HOW do you do that with a real studio drum kit performance?

If they were recorded separately fair enough but in the end that is just a sample triggered by something and that already exists with samples and midi and electronic drums and the blurb around this stuff implies real studio recorded whole performances.

If on the other hand they can really separate them to that degree from an actual recording then that is really groundbreaking

Maybe playing with some tools that is possible today.
The first ones that came in my mind are Acon Digital “DeBleed:Drums”, Steinberg > Spectralayers > Unmix Drums and maybe a gate?

Record a live drummer with a high end Roland V-Drum kit and you can record pristinely separated drum kit tracks.

Yep we all can do that but thats not the impression the blurb on the web site gives of real studio recordings played using live instrument performances recorded in a studio.

I don’t know how specifically they are doing it, but I don’t find it odd for me, as a potential of user, to want to get rid of effects and ambience. It is something I’m frequently wanting to do if the playing in a part fits what I want for my specific song and recording, but the processing doesn’t fit into the environment I’m trying to create in my recording.

I’ve especially started caring about this more after getting the UAD Sound City Studios plugin, which essentially lets me place virtual instruments from different sources (and my vocals, for that matter) in specific spaces – i.e. as if the parts were all recorded in the same studio. (I haven’t used their newer Ocean Way plugin that way in an actual recording yet, but that is likely to be another specific case for my use later.) Even prior to getting SCS, though, I’d been using some specific reverb plugins (e.g. IK’s Fame Studio Reverb) for similar things, albeit not with the same level of control.

Many virtual instruments do provide dry possibilities and the ability to include or exclude other effects (e.g. in a virtual guitar signal chain), so that makes it easy. I’ve also used Waves Vx DeReverb on my vocals to remove the influence of my small bedroom home studio ahead of putting my voice in another space. (I also use Antares Mic Modeler to remove characteristics of my specific mic so I can use other models, be it also via Mic Modeler or with something like SCS.)

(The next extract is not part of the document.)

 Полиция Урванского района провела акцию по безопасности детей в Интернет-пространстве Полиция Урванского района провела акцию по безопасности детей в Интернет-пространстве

As for what Celemony did? Perhaps they had both DI, mic’d, and other signal chain aspects for things like guitars to give options? Of course, the Melodyne-like functionality in the high-end version of Tonalic lets you get at individual notes, too, though I suppose you could do that directly with the high end version of Melodyne once you’ve got the audio.

In any event, even with a top class session player, captured naturally, what they’ve done won’t be with knowledge of my specific recording, so I can certainly see the potential for wanting to modify what they’ve delivered to suit my specific needs.

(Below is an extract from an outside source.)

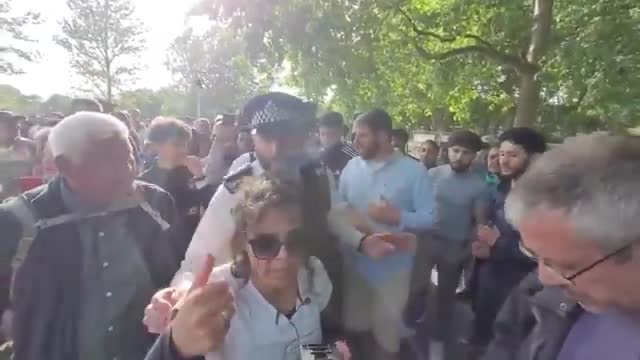 Police Arrest Hatun Tash After Muslim Steals From Her! Speakers Corner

I imagine a human drummer playing a high end Roland V-Drum kit performance live in a studio with the individual outputs from the V-drum brain being multi-track recorded live.

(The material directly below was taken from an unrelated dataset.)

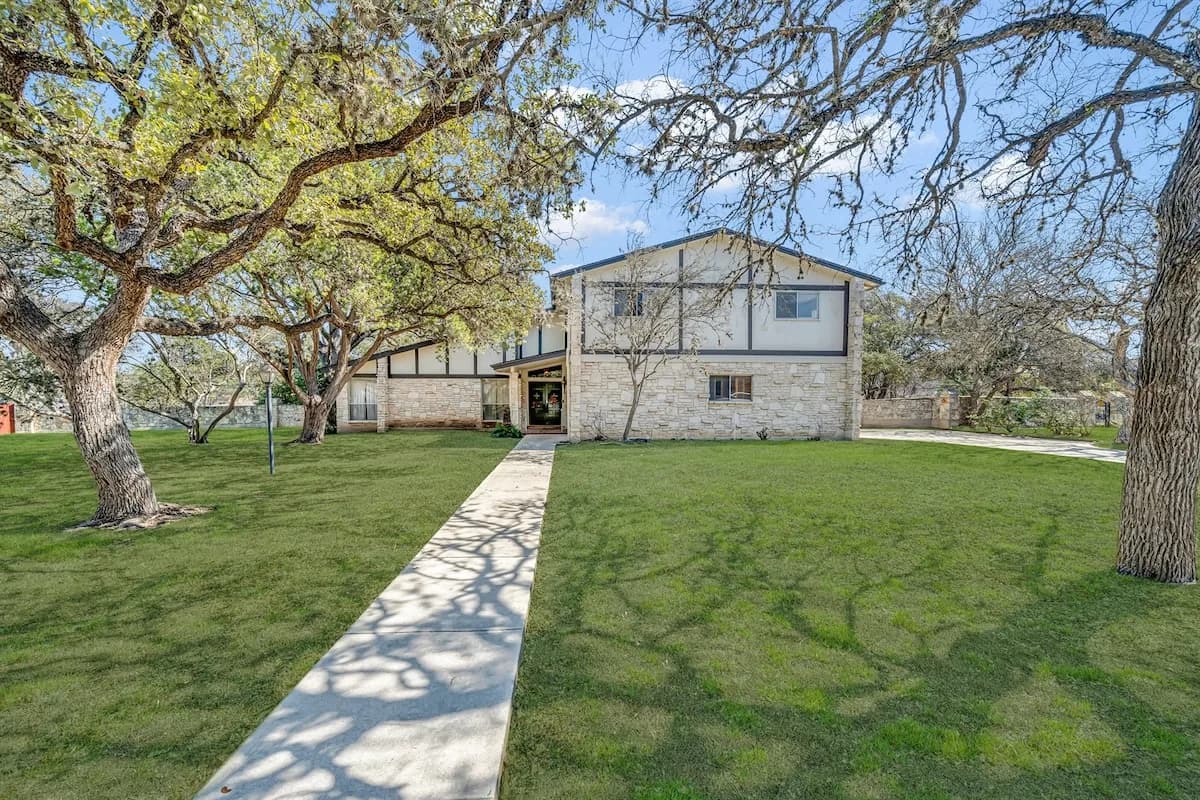 4BR Home with Pool, Grill, Sleeps 12 Near AFB photo 5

That would give me a live performance of a human drummer on an electronic instrument that sounds a lot like an acoustic drum kit.

“sounds a lot like an acoustic drum kit.”

Yep it does

I can do that all day long so what are they selling here?

A trigger of samples using electronic triggers powered by humans ?

Has this not been done all before?

What is actaully new here?

Moving on

Acoustic guitar ?

Tiggered? Samples? Ambiance added later ?

All been done

Recorded live in a space and all ambience removed with ths new magig celomony engine

I think not that, tool would make a fortune.

My objection is not to this software But the way its being sold and promoted

It a propritory “midi” type thing triggering samples with post ambiance/processing you can remove at extra cost.

You all seem to agree on that, point out how it could be done BUT its not sold like that.

yep - see my first post in this thread

huh? I never said it was new. Quite the opposite, if you read my first post in this thread.

Arguably it even competes with numerous MIDI packs that are recorded MIDI performances by a human drummer. But the real-tracks competition from Band-in-a-Box is closer, since it’s audio, rather than MIDI.

So I have no idea why you’re picking an argument with me.